Records drawn from a dataset
[Start of section]

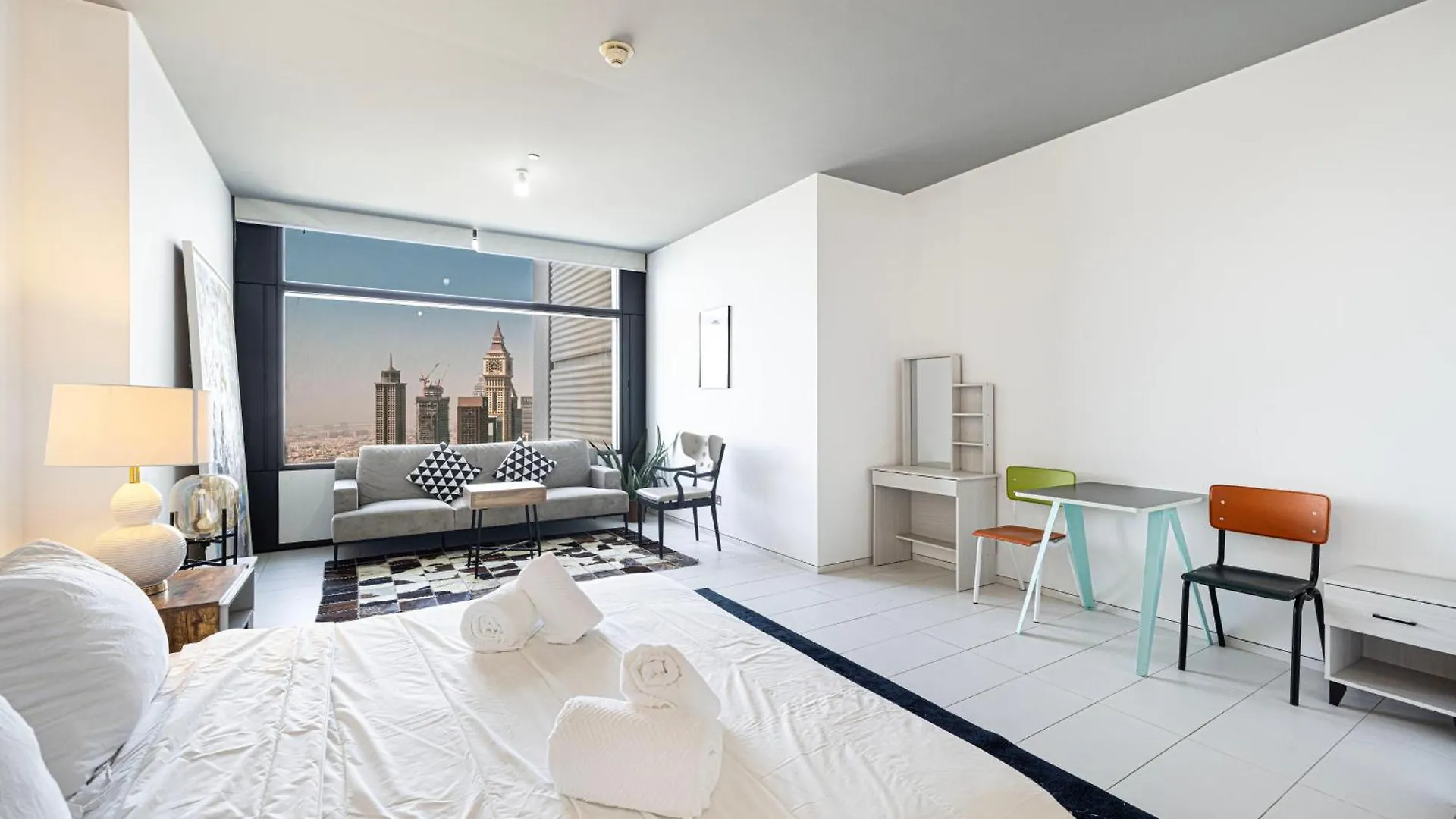Index Difc - Sky Penthouse Immaculate Views Apartment Dubai 0*,  United Arab Emirates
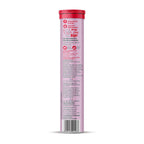 PLIX The Plant Fix L-Carnitine ACV Effervescent Tablets - Apple Burst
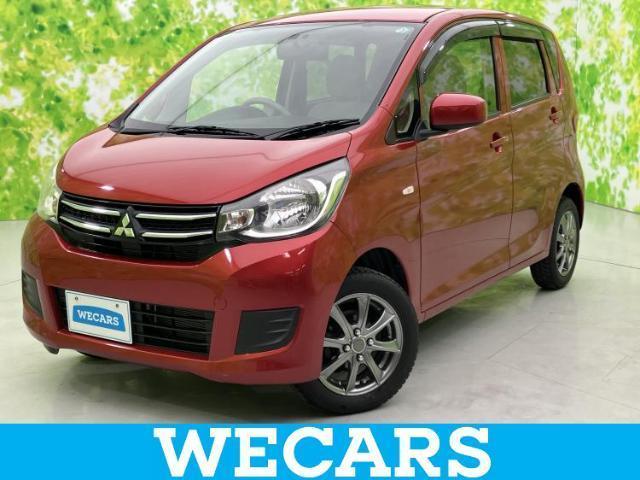 2017 MITSUBISHI EK WAGON E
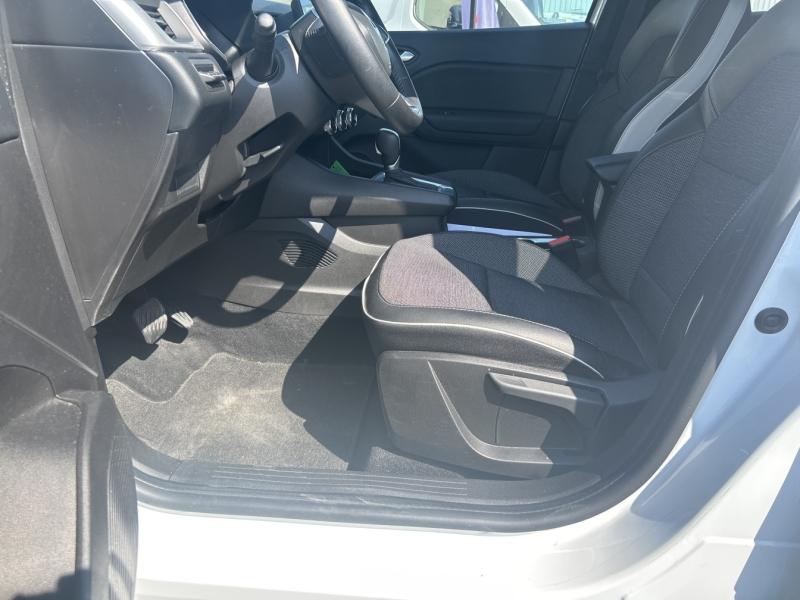 Image RENAULT Captur 1.6 E-Tech hybride 145ch Intens -21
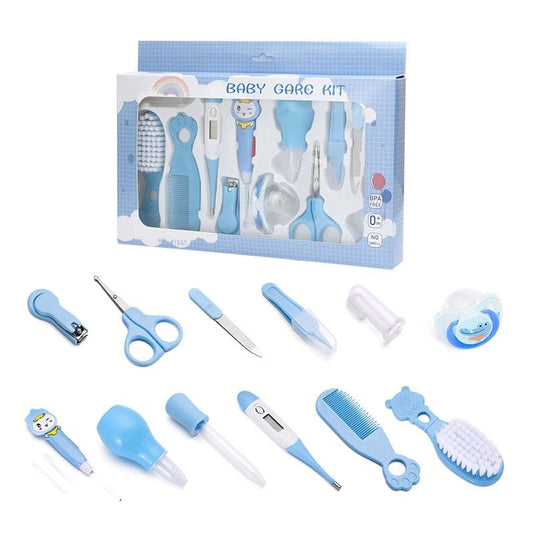 12 Pcs Baby Care Kit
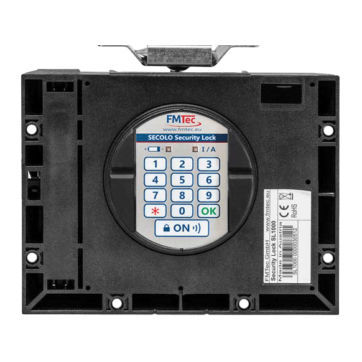 Механический врезной замок - SL series - FMTec GmbH - Future Management Technologies Software - Electronics - для двери / умный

[End of section]

### TASK
Write every record out again exactly as written. Pictures don't belong in the copy.

### COMPLETED EXERCISE
Index Difc - Sky Penthouse Immaculate Views Apartment Dubai 0*,  United Arab Emirates
 PLIX The Plant Fix L-Carnitine ACV Effervescent Tablets - Apple Burst
 2017 MITSUBISHI EK WAGON E
 Image RENAULT Captur 1.6 E-Tech hybride 145ch Intens -21
 12 Pcs Baby Care Kit
 Механический врезной замок - SL series - FMTec GmbH - Future Management Technologies Software - Electronics - для двери / умный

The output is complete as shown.